■ RECORDS PROVIDED
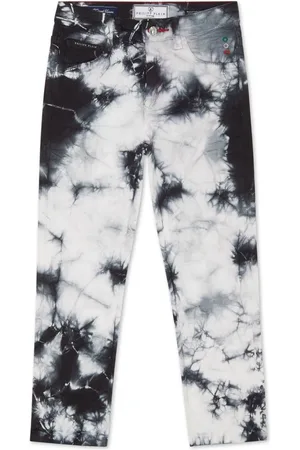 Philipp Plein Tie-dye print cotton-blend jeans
---
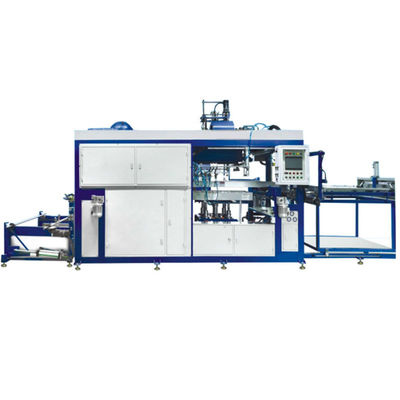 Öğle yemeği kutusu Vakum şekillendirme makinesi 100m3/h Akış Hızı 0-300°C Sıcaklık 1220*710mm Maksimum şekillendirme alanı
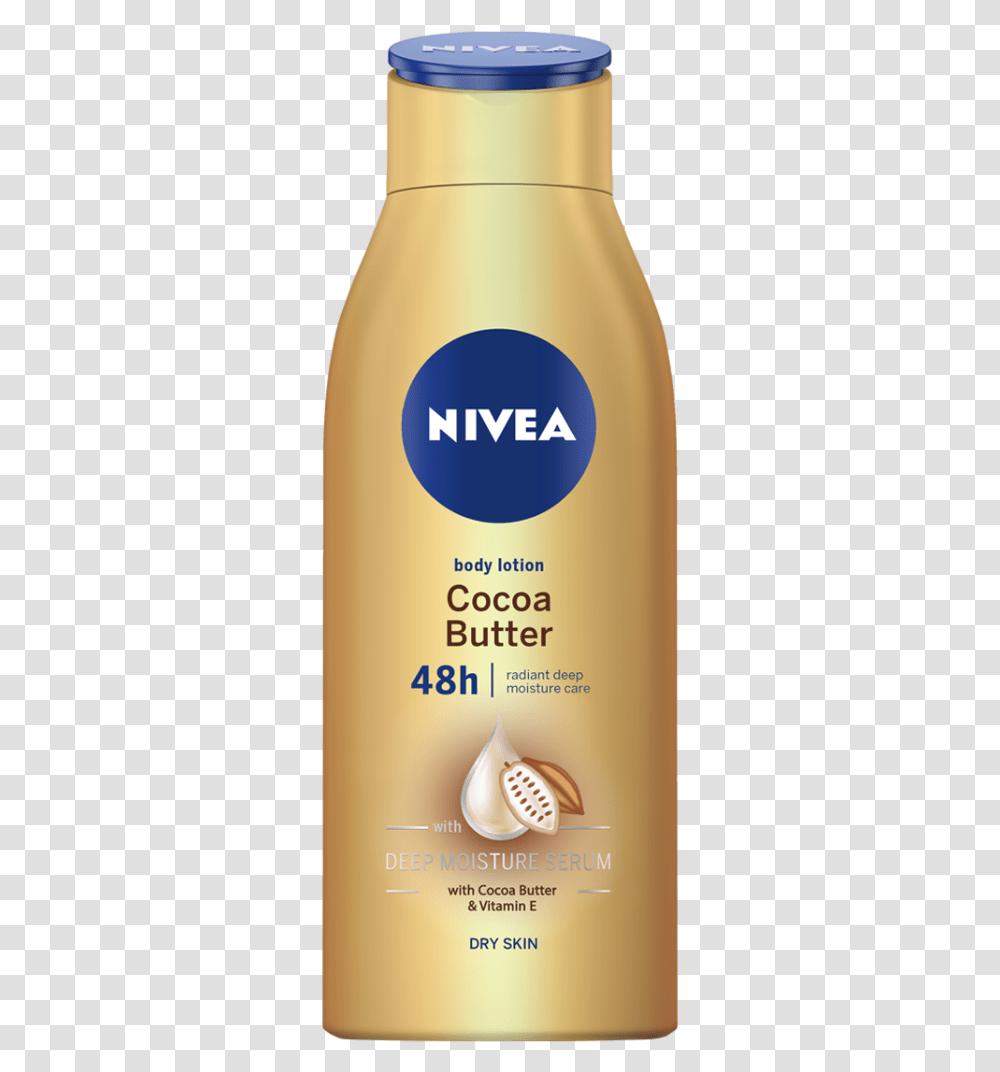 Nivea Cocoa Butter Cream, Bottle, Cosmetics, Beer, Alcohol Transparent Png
...
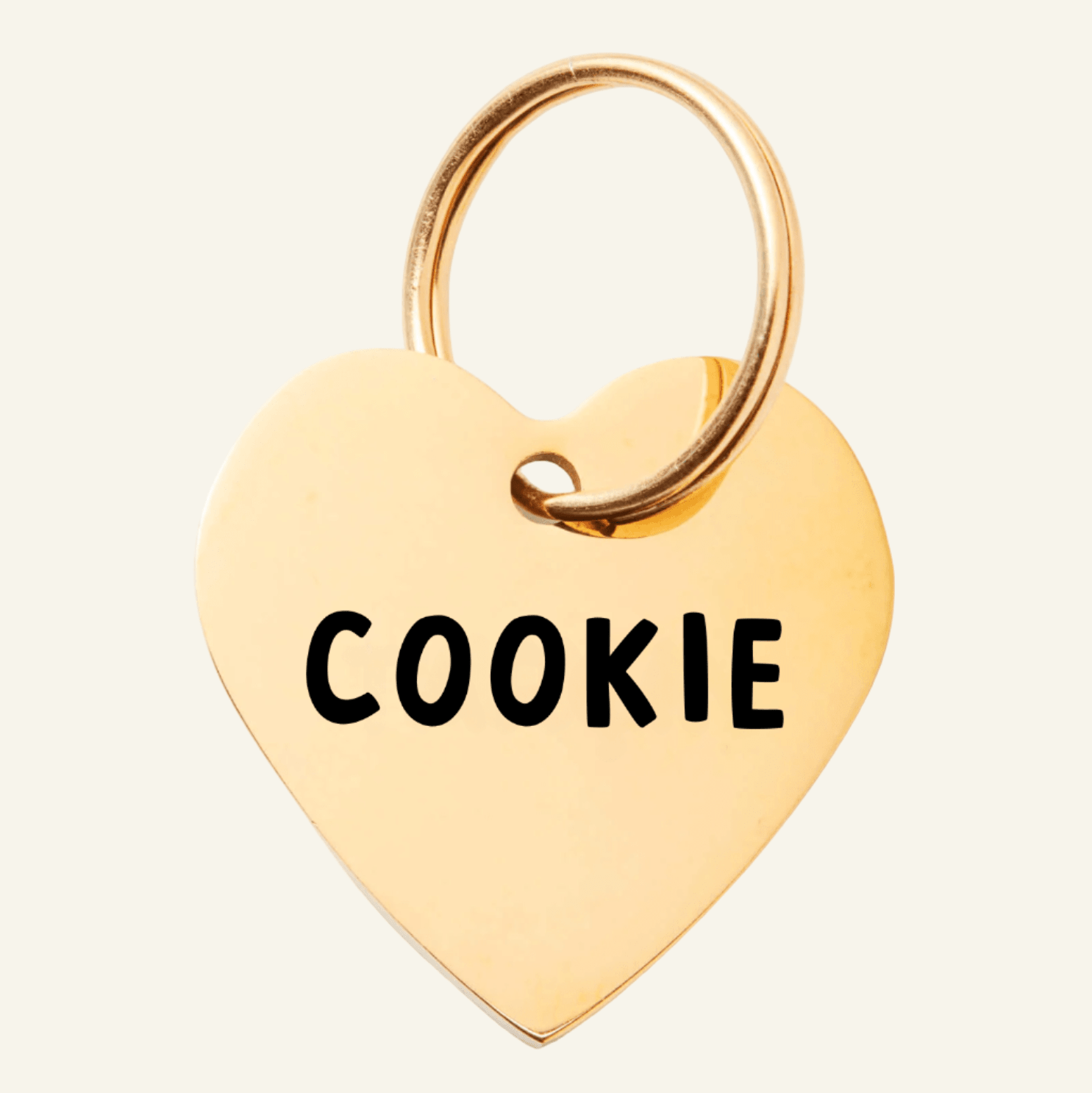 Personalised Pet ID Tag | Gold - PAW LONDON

■ WORK INSTRUCTIONS
An exact copy of the lines above from the one with "Öğle yemeği kutusu" up to and including the one with "Nivea Cocoa Butter" is required; reproduce only those lines, omitting all pictures.

■ SOLUTION
 Öğle yemeği kutusu Vakum şekillendirme makinesi 100m3/h Akış Hızı 0-300°C Sıcaklık 1220*710mm Maksimum şekillendirme alanı
 Nivea Cocoa Butter Cream, Bottle, Cosmetics, Beer, Alcohol Transparent Png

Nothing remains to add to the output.